Task prompt:
Print out each record below, unaltered and complete, without its images.

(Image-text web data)
..........
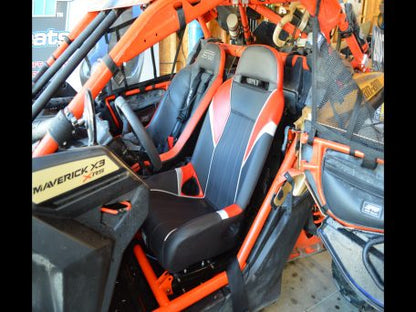 SEAT MOUNTING KIT FOR CAN-AM MAVERICK X3 (PAIR)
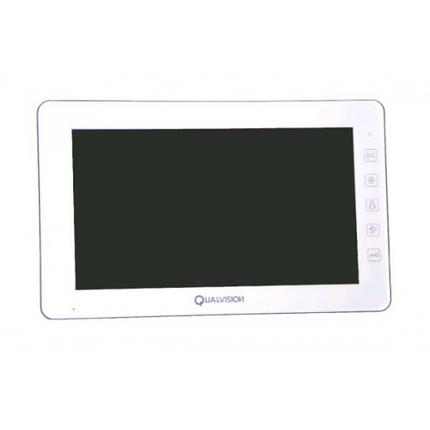Qualvision QV-IDS4A08 WHITE, фото 1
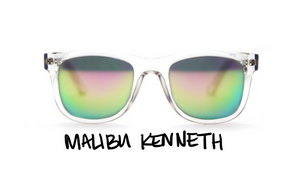Optimum Optical UV Protected Sunglasses - Various Styles - Men + Women's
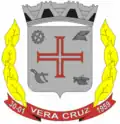 Wapen van Vera Cruz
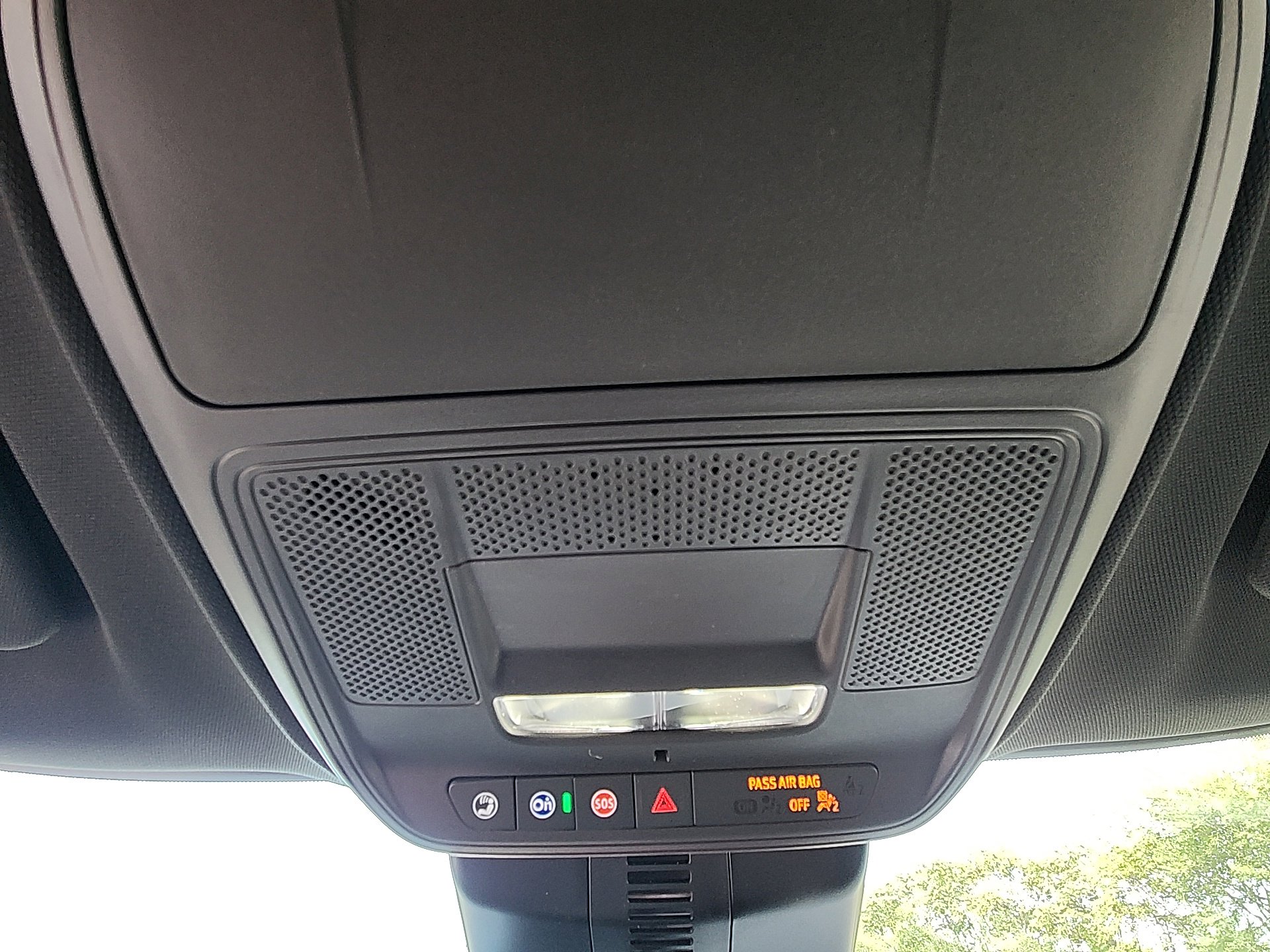 New 2026 Buick Enclave Preferred image 25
..........
Task result:
 SEAT MOUNTING KIT FOR CAN-AM MAVERICK X3 (PAIR)
Qualvision QV-IDS4A08 WHITE, фото 1
Optimum Optical UV Protected Sunglasses - Various Styles - Men + Women's
 Wapen van Vera Cruz
 New 2026 Buick Enclave Preferred image 25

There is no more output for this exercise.